Malone was asked to reimagine the jumpsuit, a garment that has historically been used to reflect a vision of tomorrow. Futurist artists working in the early twentieth century explored the style as a unifying, anti-bourgeois statement; jumpsuits tamper with our notions on gender, class and creed. ‘I think what the curators liked about what I was doing was that I’m from this working-class environment and the uniforms I saw growing up have informed so much of my work,’ Malone says. ‘Now I’m in this odd position where people are looking at what I do in quite a serious way but it isn’t that serious. Working with a curator felt very natural for me. It was nice to be able to focus on making something that wasn’t going to end up in a shop.’
In the short time since graduating from Central Saint Martins in 2014, Malone’s label has become known for its esoteric elegance. Squiggled, nameless forms are something of a signature, influenced in part by the sculpture and performance course he finished before starting his degree. His London Fashion Week outings are part art performance, part rejection of the fashion norm. Items draws parallels between Malone’s approach and the theories held by the Russian constructivist artists Varvara Stepanova and Alexandr Rodchenko, who used the jumpsuit as a vehicle for providing mass-produced, egalitarian clothing to the working class majority after the revolution. ‘They were also making clothes at a time when fashion was becoming a somewhat cyclical, predicable thing. Clothes had lost meaning. And we’re sort of coming back to that in a way,’ Malone says. ‘I work with large scale patterns, drawing things really huge and then putting them on the body later and I think appealed to the curators too.’

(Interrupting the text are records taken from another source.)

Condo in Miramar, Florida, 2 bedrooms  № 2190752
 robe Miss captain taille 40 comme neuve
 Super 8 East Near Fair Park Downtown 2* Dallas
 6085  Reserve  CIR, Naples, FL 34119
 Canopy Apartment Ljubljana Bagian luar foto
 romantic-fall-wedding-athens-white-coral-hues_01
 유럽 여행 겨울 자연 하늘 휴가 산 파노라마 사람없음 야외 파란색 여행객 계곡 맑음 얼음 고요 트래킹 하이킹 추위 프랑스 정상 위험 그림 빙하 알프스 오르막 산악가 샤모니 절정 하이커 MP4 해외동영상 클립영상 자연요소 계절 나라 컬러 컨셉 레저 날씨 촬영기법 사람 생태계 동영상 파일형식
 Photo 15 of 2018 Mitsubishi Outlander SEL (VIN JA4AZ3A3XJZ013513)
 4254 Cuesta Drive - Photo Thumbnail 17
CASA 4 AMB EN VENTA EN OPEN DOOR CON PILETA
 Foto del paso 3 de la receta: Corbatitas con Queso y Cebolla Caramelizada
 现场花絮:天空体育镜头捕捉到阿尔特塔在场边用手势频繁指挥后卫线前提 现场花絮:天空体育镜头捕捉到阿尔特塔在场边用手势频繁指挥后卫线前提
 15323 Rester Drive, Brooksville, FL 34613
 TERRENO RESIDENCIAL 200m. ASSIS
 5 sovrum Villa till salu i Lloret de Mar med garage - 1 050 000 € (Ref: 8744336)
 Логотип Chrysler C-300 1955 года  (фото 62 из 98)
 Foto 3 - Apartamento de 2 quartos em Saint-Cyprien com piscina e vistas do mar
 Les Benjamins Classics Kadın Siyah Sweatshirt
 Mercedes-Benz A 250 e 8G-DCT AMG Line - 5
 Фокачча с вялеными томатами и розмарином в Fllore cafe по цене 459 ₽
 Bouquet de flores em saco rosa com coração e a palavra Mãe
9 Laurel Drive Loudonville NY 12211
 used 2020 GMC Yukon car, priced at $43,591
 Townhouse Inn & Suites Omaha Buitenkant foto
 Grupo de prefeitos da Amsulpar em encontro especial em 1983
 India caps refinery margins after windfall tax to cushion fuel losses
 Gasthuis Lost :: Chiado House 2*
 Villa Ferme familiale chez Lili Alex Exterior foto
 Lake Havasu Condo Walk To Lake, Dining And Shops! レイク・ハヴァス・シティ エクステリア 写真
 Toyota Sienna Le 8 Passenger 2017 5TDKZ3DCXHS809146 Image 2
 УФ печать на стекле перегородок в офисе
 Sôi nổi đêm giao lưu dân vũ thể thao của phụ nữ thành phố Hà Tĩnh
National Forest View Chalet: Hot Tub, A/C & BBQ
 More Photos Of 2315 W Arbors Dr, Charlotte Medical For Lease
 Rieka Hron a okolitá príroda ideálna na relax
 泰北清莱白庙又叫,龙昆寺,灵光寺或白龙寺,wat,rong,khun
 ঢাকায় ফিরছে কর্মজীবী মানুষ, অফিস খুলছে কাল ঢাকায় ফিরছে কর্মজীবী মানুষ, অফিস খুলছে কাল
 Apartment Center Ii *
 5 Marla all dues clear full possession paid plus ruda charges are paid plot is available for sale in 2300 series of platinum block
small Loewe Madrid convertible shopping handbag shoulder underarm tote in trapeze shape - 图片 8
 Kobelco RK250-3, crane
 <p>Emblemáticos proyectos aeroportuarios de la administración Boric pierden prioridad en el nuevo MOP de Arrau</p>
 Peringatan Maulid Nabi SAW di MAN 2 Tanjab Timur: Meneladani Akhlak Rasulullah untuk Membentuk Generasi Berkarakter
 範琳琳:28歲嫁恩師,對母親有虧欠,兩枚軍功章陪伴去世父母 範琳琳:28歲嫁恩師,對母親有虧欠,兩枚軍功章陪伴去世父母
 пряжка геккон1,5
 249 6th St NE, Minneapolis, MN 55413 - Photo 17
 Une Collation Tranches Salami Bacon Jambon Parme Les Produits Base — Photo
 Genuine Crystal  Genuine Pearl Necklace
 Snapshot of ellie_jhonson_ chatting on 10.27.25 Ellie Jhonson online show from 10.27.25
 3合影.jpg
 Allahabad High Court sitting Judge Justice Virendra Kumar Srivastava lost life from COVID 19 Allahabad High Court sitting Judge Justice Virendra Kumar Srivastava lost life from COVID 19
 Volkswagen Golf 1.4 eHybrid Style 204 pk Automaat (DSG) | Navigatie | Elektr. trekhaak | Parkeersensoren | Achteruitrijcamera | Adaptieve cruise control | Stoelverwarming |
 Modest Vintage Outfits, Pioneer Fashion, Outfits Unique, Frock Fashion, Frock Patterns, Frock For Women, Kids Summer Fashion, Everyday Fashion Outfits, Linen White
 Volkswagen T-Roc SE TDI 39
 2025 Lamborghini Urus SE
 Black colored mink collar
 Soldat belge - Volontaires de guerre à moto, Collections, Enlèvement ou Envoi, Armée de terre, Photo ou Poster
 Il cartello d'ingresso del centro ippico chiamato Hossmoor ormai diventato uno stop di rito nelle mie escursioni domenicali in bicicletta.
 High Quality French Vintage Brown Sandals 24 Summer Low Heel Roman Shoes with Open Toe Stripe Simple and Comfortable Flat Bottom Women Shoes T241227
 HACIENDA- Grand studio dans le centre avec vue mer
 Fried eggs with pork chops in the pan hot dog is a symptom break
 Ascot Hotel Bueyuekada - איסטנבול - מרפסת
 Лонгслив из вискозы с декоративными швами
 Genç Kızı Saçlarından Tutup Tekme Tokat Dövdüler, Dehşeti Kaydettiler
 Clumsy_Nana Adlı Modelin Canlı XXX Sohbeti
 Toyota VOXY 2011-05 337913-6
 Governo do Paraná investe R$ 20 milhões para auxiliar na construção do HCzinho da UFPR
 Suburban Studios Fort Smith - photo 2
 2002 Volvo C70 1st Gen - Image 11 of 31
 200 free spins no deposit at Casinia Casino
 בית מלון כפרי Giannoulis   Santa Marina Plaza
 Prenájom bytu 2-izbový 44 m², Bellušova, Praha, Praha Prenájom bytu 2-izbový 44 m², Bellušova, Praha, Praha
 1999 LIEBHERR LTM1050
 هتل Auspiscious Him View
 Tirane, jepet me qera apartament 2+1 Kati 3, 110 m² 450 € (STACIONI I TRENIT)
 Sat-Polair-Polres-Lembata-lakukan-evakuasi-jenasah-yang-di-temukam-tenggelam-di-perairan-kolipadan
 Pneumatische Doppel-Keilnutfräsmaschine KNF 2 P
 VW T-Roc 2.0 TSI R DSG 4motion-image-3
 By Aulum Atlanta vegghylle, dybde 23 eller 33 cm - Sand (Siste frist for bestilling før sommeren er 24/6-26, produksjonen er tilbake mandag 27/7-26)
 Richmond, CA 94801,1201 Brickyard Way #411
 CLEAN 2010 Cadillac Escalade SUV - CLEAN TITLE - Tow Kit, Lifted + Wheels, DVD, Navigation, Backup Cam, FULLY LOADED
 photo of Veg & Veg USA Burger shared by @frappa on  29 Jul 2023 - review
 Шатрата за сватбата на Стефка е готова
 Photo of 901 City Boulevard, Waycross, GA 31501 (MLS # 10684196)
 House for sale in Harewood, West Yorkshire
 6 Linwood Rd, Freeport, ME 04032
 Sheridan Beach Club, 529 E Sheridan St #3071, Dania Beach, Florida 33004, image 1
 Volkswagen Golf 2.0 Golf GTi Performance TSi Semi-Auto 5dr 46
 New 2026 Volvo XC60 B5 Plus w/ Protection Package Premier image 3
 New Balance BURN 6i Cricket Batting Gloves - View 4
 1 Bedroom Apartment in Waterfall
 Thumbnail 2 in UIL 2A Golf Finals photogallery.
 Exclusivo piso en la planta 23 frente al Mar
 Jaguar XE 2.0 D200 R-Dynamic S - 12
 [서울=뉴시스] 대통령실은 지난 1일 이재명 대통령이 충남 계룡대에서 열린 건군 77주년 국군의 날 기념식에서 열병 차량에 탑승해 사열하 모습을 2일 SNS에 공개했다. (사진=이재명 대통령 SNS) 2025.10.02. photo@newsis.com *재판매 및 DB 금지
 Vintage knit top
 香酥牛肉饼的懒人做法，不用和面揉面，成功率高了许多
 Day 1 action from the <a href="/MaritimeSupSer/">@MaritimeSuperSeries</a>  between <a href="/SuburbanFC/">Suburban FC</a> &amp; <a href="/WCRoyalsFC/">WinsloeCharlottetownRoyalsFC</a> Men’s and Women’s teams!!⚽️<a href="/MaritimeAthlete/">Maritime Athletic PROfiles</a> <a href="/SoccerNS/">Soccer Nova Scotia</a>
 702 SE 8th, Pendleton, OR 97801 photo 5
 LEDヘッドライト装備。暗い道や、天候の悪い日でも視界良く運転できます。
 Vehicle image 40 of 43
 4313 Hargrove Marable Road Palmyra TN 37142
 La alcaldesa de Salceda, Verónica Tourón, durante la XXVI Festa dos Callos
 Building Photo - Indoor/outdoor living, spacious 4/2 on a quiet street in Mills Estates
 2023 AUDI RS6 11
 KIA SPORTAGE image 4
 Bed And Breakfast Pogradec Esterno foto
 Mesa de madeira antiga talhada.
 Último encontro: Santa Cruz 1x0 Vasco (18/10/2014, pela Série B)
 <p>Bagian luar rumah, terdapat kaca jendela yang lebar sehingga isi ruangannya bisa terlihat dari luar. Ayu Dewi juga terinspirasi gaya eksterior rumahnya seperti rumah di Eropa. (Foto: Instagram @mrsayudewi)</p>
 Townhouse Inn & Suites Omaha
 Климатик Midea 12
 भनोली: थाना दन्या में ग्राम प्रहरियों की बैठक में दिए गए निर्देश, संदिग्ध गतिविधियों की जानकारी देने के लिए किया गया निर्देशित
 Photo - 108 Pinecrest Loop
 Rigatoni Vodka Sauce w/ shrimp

Malone was given a series of essays to read before starting on his design. His methods are, he says, erratic. Uniquely, for someone of his generation, it is a process free from images hacked out of 1990s style magazines. Malone likes to work in silence at times and stays away from the digital gossamer of Instagram. ‘To make things without any direct references is quite a bold thing to do. And to be able to do that is a privilege,’ he says.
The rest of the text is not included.